Convolutional Neural Networks
Table of contents
Characteristics of an Image
- High dimensionality
- Spatial correlation: nearby patches are highly related
- Should be invariant to transformations: a horizontally flipped cat is still a cat
Regular neural networks do not take advantage or consider these characteristics.
Invariance and Equivariance
A model $f$ is invariant to a transformation $T$ if:
$$ f(T(x)) = f(x) $$
A flipped cat is still a cat.
A model $f$ is equivariant to a transformation $T$ if:
$$ f(T(x)) = T(f(x)) $$
Think about real-time motion detection. A person captured in one frame should still be detected in the next frame by the same transformation that the person underwent.
Convolution
What does a hidden layer do in a neural network? Each hidden unit in a layer is a linear combination of the input features.
In a fully connected layer, the hidden layer just calculates every such possible combinations.
But in an image, not all pixels are related to each other. For example, usally the top left pixel is not related to the bottom right pixel, and there really is no point in learning all these combinations.
In addition, the input feature space is too large for a fully connected layer causing the number of parameters to explode.

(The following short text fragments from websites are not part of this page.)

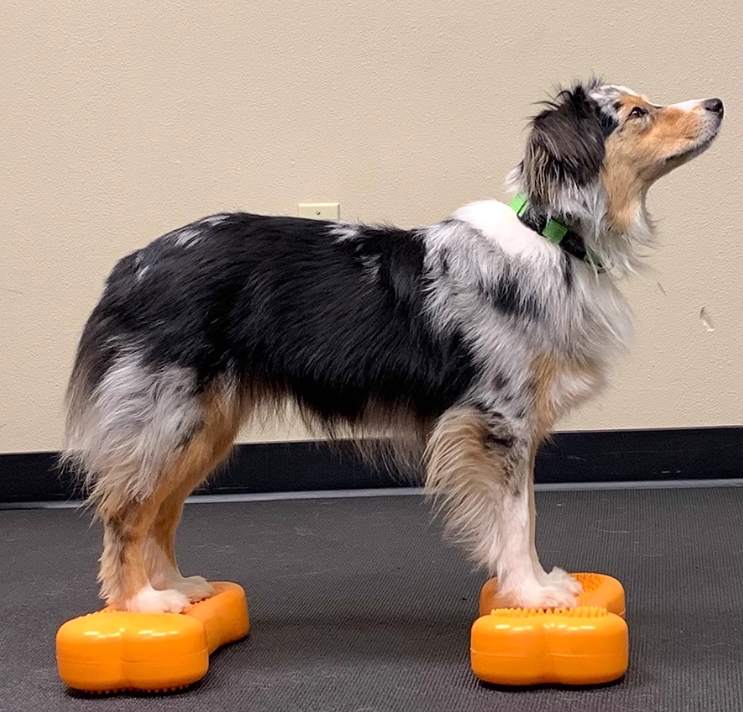 Dog Balance Disc Bone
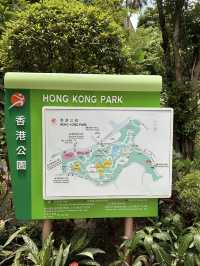 Hong Kong Park – A Lush Urban Sanctuary in Central
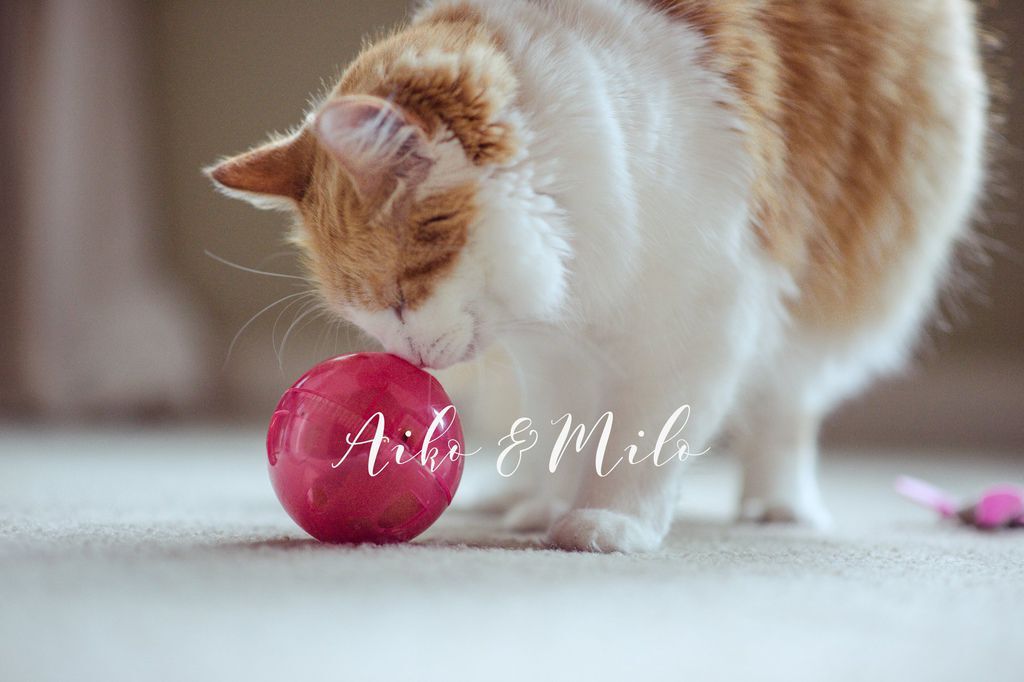 婚攝琪琪小姐 西雅圖 海外婚紗 貓咪婚紗 婚攝琪琪小姐 西雅圖 海外婚紗 貓咪婚紗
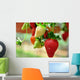 Strawberry Wall Decal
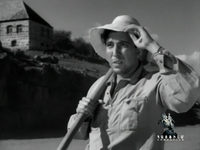   (1955) -  47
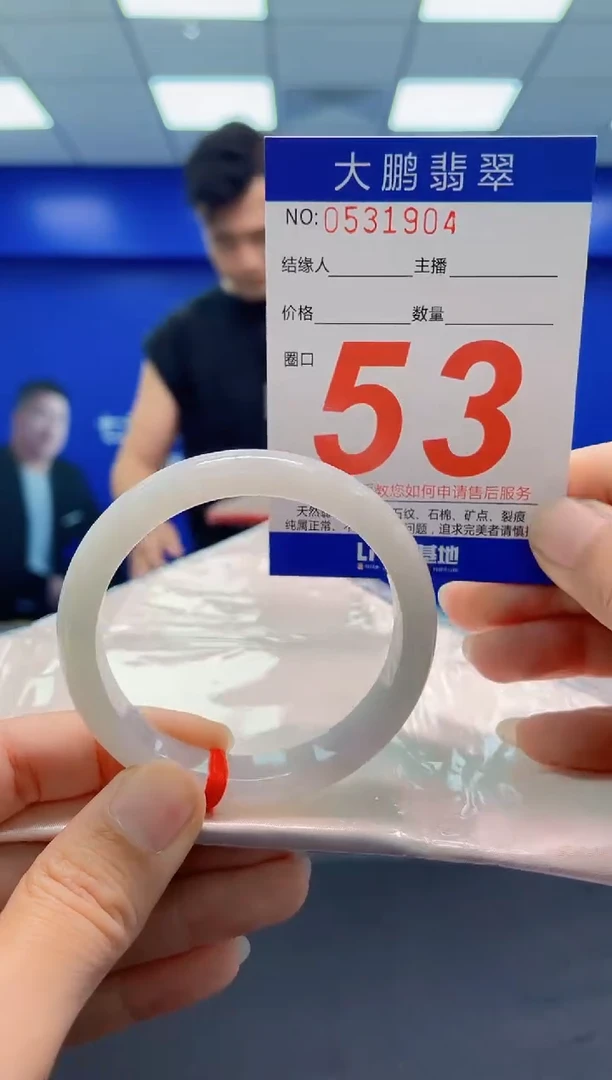 未镶嵌手镯翡翠AAAAAAAAA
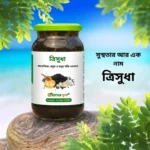 ত্রিসুধা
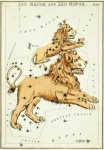 Zodiac Astrology Leo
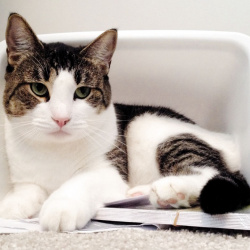 Phil, a brown and white tabby Domestic Shorthair Cat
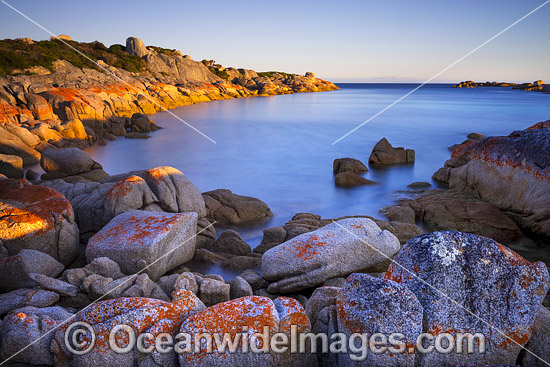 Dawn Sunrise at Eddystone Point. Mount William National Park, Bay of Fires, Tasmania, Australia. Photo - Gary Bell Dawn Sunrise at Eddystone Point. Mount William National Park, Bay of Fires, Tasmania, Australia. Photo - Gary Bell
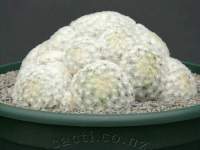 Mammillaria plumosa pic5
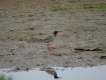 Oiseaux Chevalier gambette (Tringa totanus)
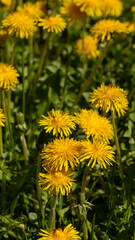 Dandelion blossom, bright and yellow spring flower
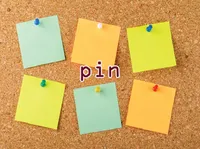 Definition & pronunciation of pin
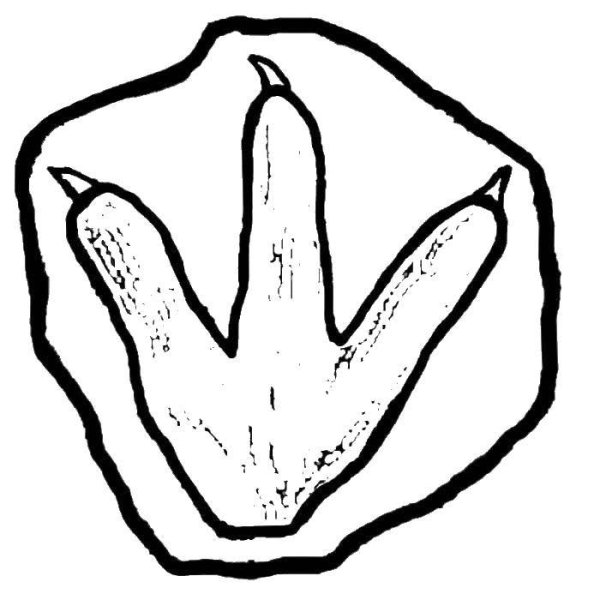 Следы динозавров для детей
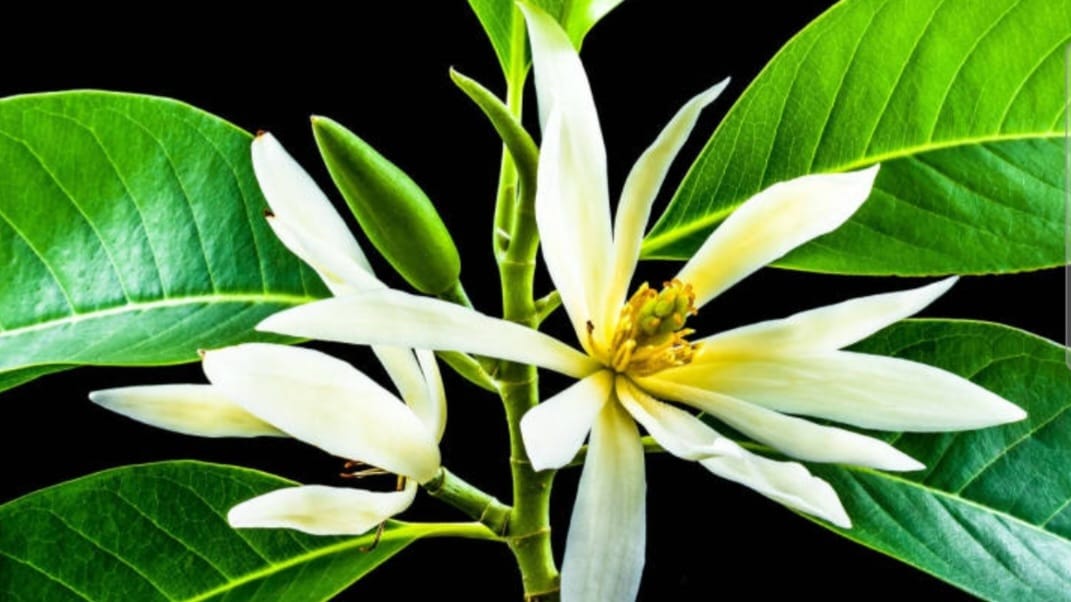 Mitos Atau Fakta, Inilah 7 Bunga Disukai Mahluk Halus, Sering Juga untuk Ritual Adat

Usually a meaningful object or feature is constrained to a small region or patch of the image. We want to learn the combination of pixels in that patch.
So we apply convolution to the image with a kernel.
Kernel / Filter
A kernel is a patch of a certain size that slides over the image, and each hidden unit will learn the combination of the pixels in that patch.
These kernels are efficient because their weights are shared across the image.
The weights are shared across the single channel of the image.
Kernel Size, Stride, Padding, Dilation
There are four hyperparameters that control the output size of a convolution (the number of hidden units in the next layer):
- Kernel size (K): the size of the patch (usually square)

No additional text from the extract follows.